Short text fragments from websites
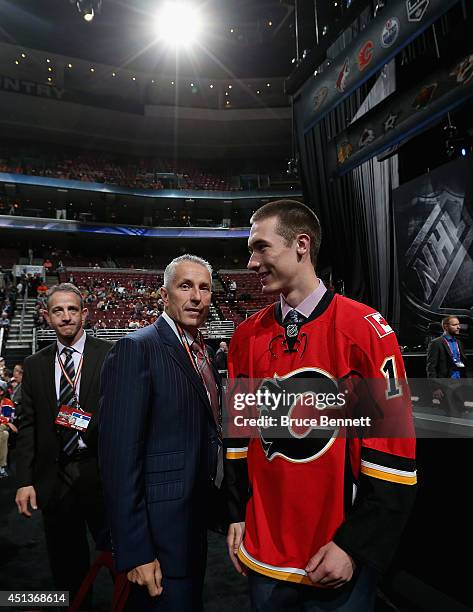 Mason McDonald meets his team after being drafted by the Calgary Flames on Day Two of the 2014 NHL Draft at the Wells Fargo Center on June 28, 2014...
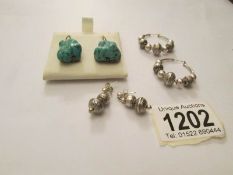 A pair of vintage natural turquoise earrings and 2 pairs of silver earrings (one hoop and one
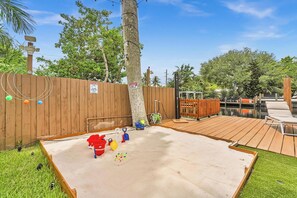 A backyard with a wooden deck, a sandy play area, and a wooden fence. - Beautiful Luxury Waterfront Heated Pool Home in Fort Lauderdale (Fort Lauderdale)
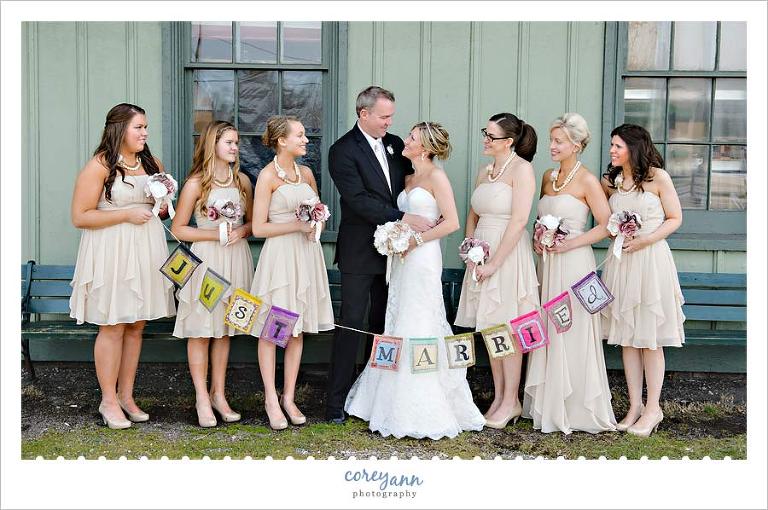 bridesmaids holding just married bunting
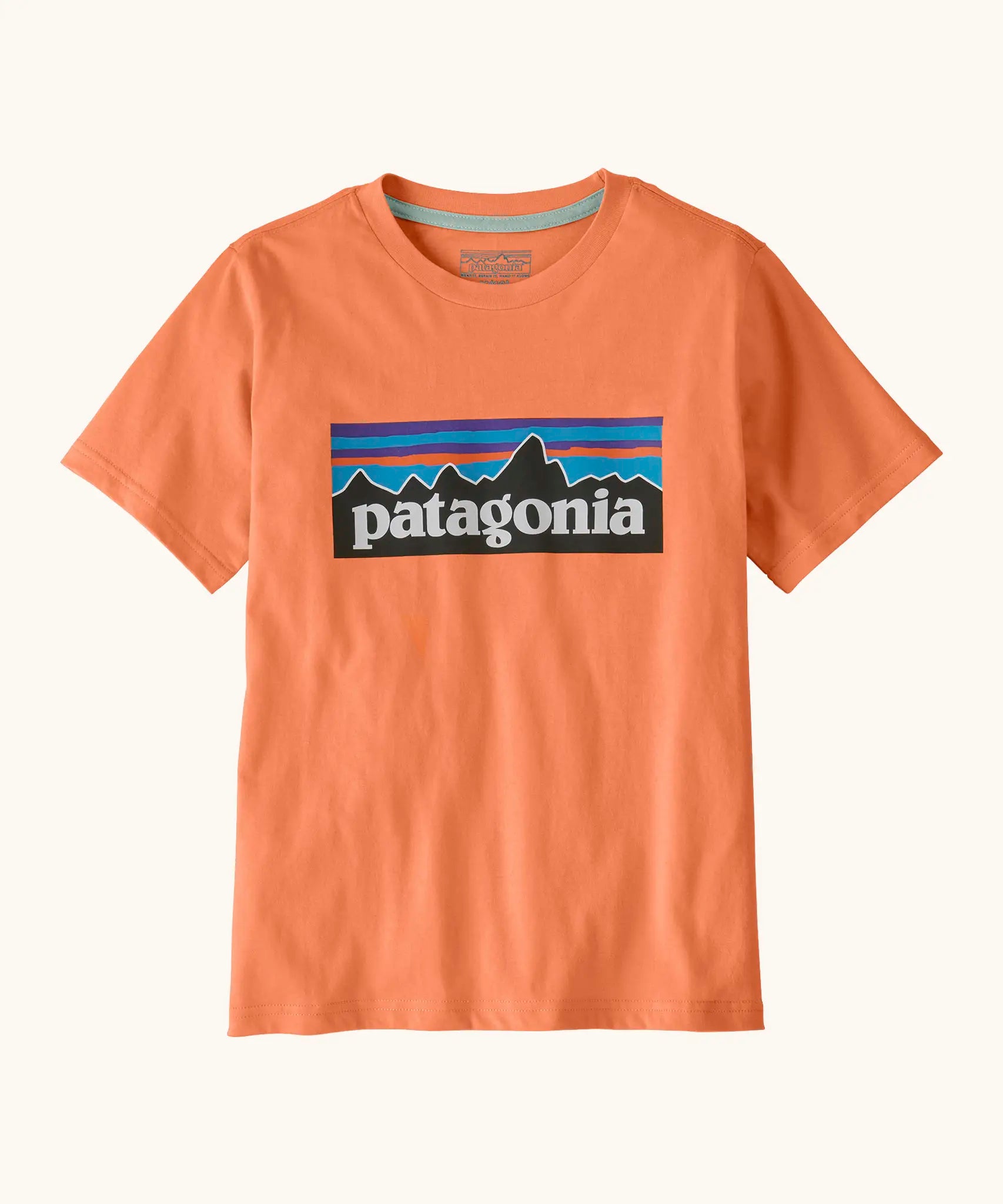Patagonia organic cotton kids p6 logo short sleeve t-shirt in orange with large brand patch on upper body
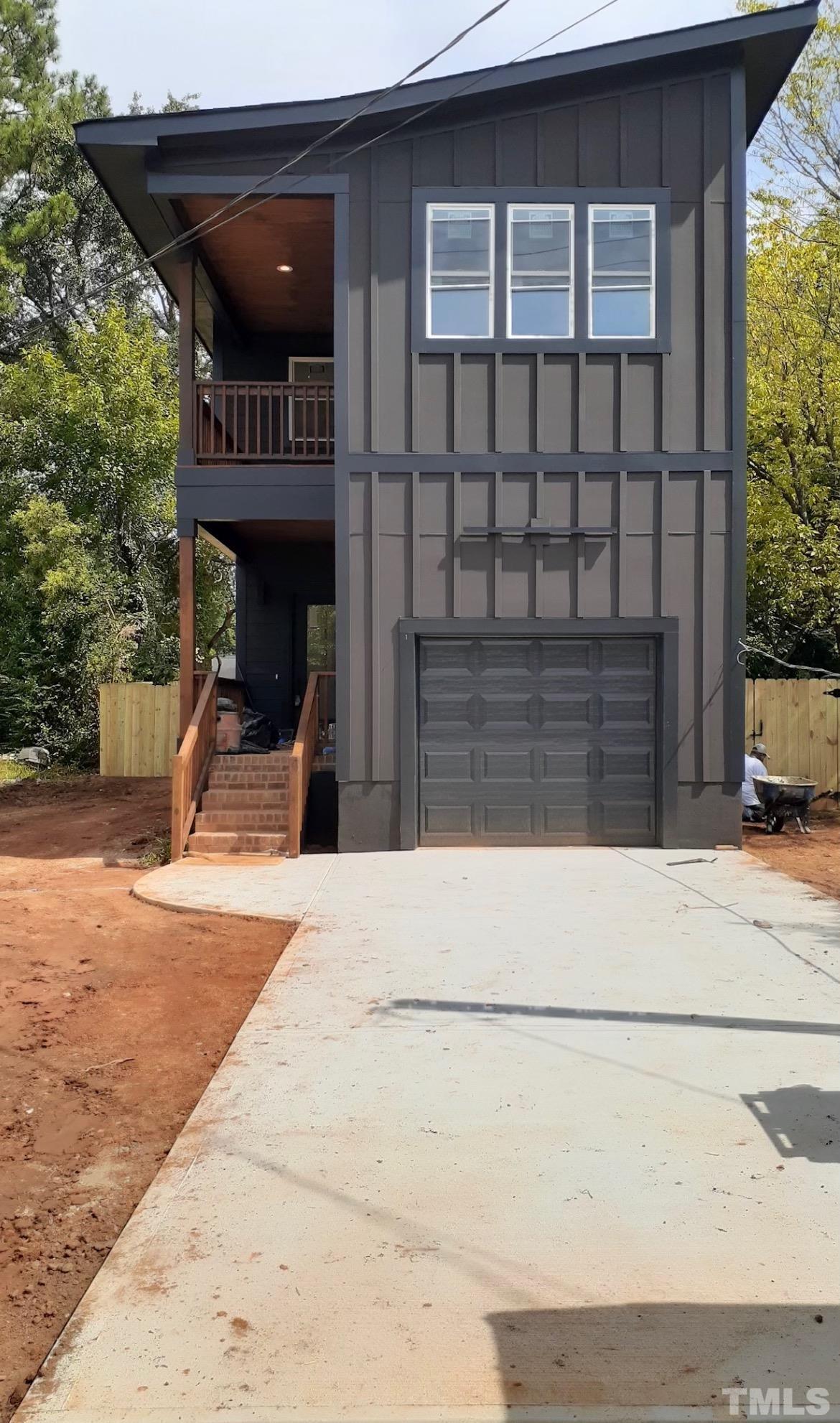 2311 Poole Road Raleigh, NC 27610 - Photo 1 of 29 a front view of a house with a garage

What you should do:
Please print the lines from the one holding "Patagonia organic cotton" through the end of the records above, unchanged and with the pictures left out.

Solution for this problem:
Patagonia organic cotton kids p6 logo short sleeve t-shirt in orange with large brand patch on upper body
 2311 Poole Road Raleigh, NC 27610 - Photo 1 of 29 a front view of a house with a garage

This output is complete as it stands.